My goal is to create markets for cassava
Elizabeth Gikebe grew up in a neighbourhood where more than 70 per cent of residents were small-holder farmers struggling to make ends meet.
The main problem was the middlemen who exploited the farmers.
This reality inspired Ms Gikebe to start Mhogo Foods two years ago to help small scale farmers reap from their sweat.
Mhogo Foods processes gluten-free and grain free cassava flour that can be used to bake cakes, make ugali, porridge, brownies and cookies among other healthy meals. The flour is packed in 500gms or 1kg.
“We also have 500g fortified which we started with the support of 2Scale. We can also customize the sizes depending on the client’s needs. We can do up to 50kg gunny bags,” Ms Gikebe says.
Before she rolled out the project, she did research on a drought-resistant crop that could be processed into various healthy foods.
“That is how I narrowed down to cassava. Cassava is easy to farm and since I had experience in milling from our family business, it was easy for me to start with cassava tubers,” she tells Smart Harvest.
Before she went full throttle, Ms Gikebe took up a short course at the Kenya Industrial Research and Development Institute in Nairobi to equip herself on how to process cassava and learn best varieties.
Armed with Sh20,000, she opened the firm for business in Banana, Kiambu County. She began by getting samples from a close friend from Migori who specialised in quality.
Take a survey
“From this, I had an idea of what dried cassava tubers look like. Afterwards, I gathered some farmers from Embu who sold me fresh cassava and dried it from home,” she explains.
“I then bought some packaging bags which I branded and packaged the flour to test the market. I took some photos and shared them on Facebook,” says Ms Gikebe.
The photos attracted a lot of attention from people online and that is how she landed her first orders. With time, more orders started trickling in.
Then she landed a lucrative deal with the owner of a convenient store, Vijay General Supplies in Nairobi’s South C.

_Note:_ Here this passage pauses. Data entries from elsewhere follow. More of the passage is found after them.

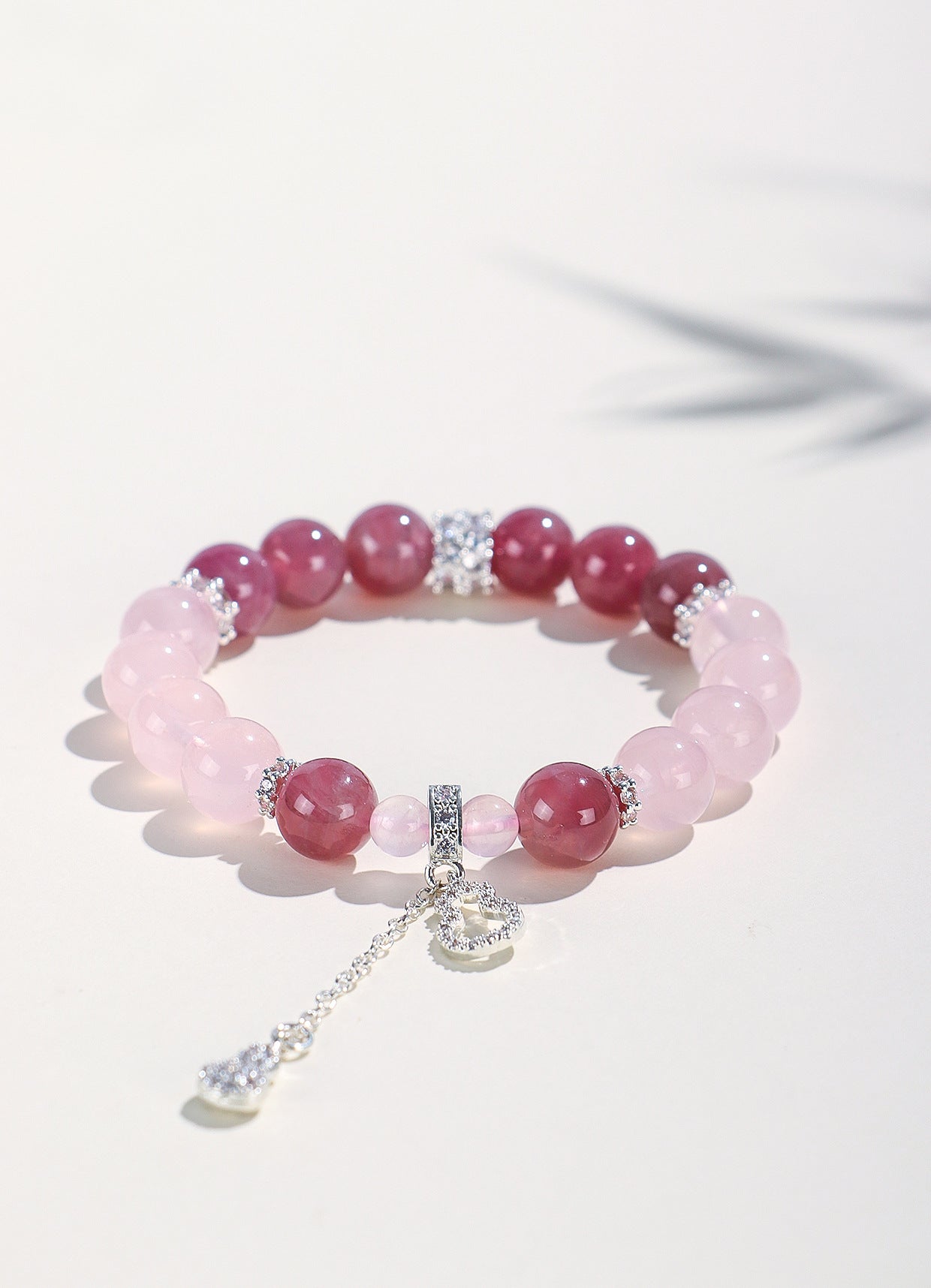 Planderful Fortune's Favor Bracelet – Elegant Pink Crystal Design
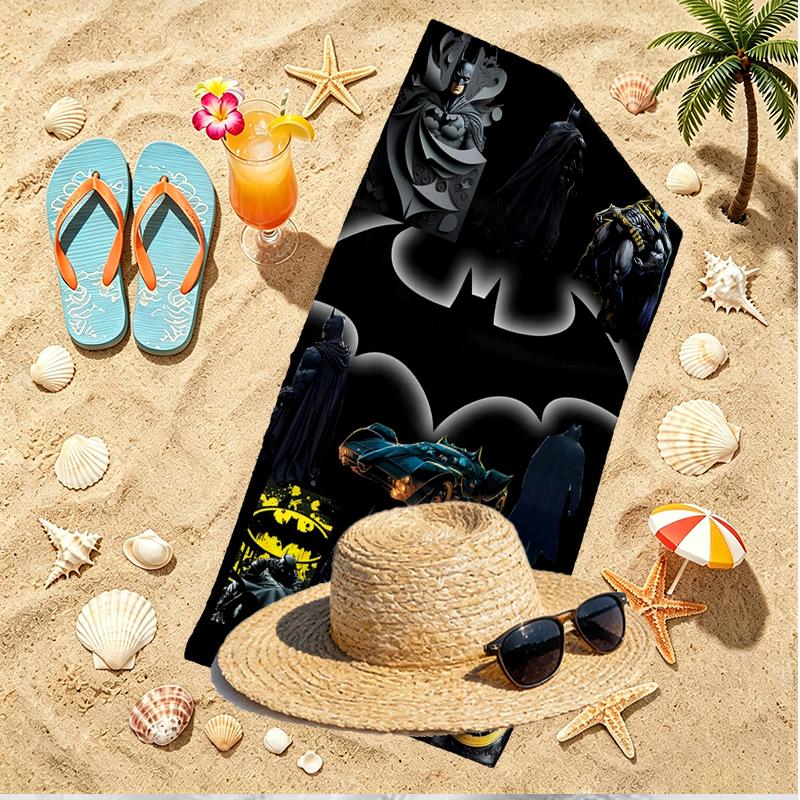 Toalha de Praia com Estampa de Super-heróis, Toalha de Praia Versátil Leve Absorvente para Piscina Surf Yoga Banheiro, Presente Perfeito de Aniversário Feriado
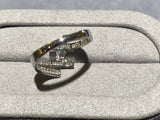 Square Diamond Ring in 18k White Gold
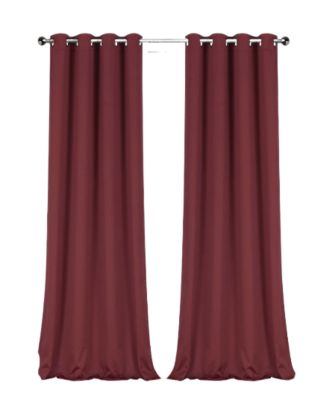 2 Pack: Hotel Thermal Grommet 100% Blackout Curtains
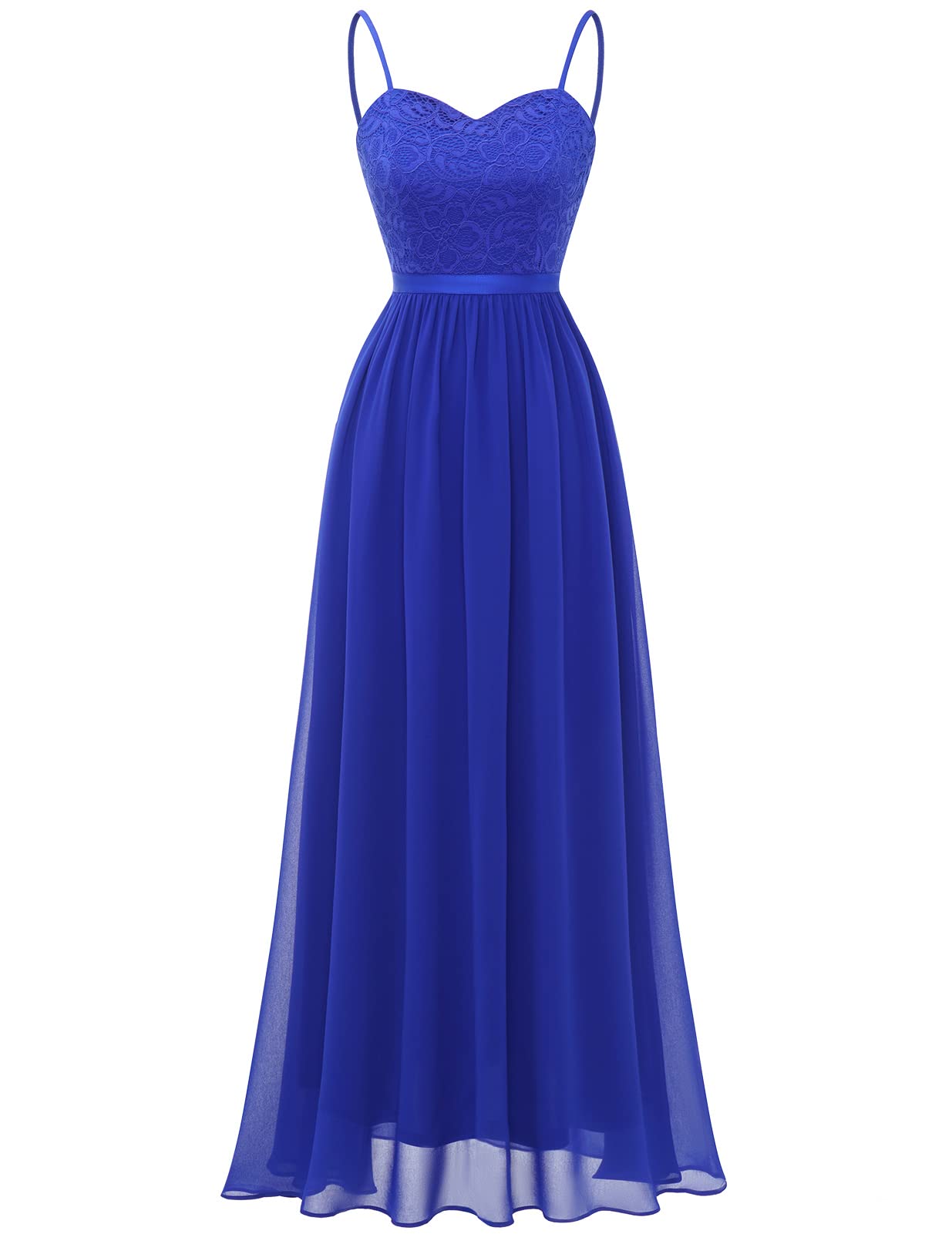 Elegant Long Chiffon Formal Dresses for Women - Spaghetti Strap Bridesmaid & Evening Gowns - Perfect for Weddings, Proms, and Special Occasions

“Vijay General Supplies asked us if we could stock the flour in their supermarket. We stocked about 30 kgs. To our surprise, the flour was out of stock within two weeks! That is when I realised I was sitting on a goldmine,” she says.
With that kind of interest, Ms Gikebe was convinced that this was a promising venture. She did all necessary legal registrations for the product to kick-off.
Much as things are looking up, it was not a walk in the park.
“When I started, I encountered many challenges. One of them was the fluctuating prices of cassava tubers where some farmers would increase prices from time to time. To counter this, I contracted farmers and formed farmer groups where I offer them a consistent market for their produce at a fair price,” she explains.
She also had to deal with unavailability of quality cassava. “Quality would sometimes deteriorate, and this would cost the company huge losses. We however mitigated this by training farmers that we contracted on how to grow quality tubers. We also gave them a specific variety which guarantees good quality,” she says.
Like any other startups, access to financing was also a big deal and this affected her marketing and expansion plans.
Market penetration was also an issue at the beginning.
“This is because many retail outlets and supermarkets are not open to new categories of products,” Gikebe says.
But all that is now behind her. She has now contracted over 2,500 small scale farmers in Busia.
These farmers belong to farmer groups which makes it easier for Mhogo Foods to aggregate the tubers in a central location. The firm processes and sells seven to eight metric tonnes in a month.
Quality is everything
For them, quality is non-negotiable.
“From the farm, we ensure farmers have one specific variety and that they do not use any pesticides or fertilisers on the crop. We do routine inspection on the farms to ensure they are following set standards and regulations,” she explains.
Further, Mhogo Foods undertake quality control measures where they inspect the tubers right from the farm throughout to the packaging and shipping process. After collection from farmers, the cassava is cleaned, ground and dried in an environment free from dust and other contaminators.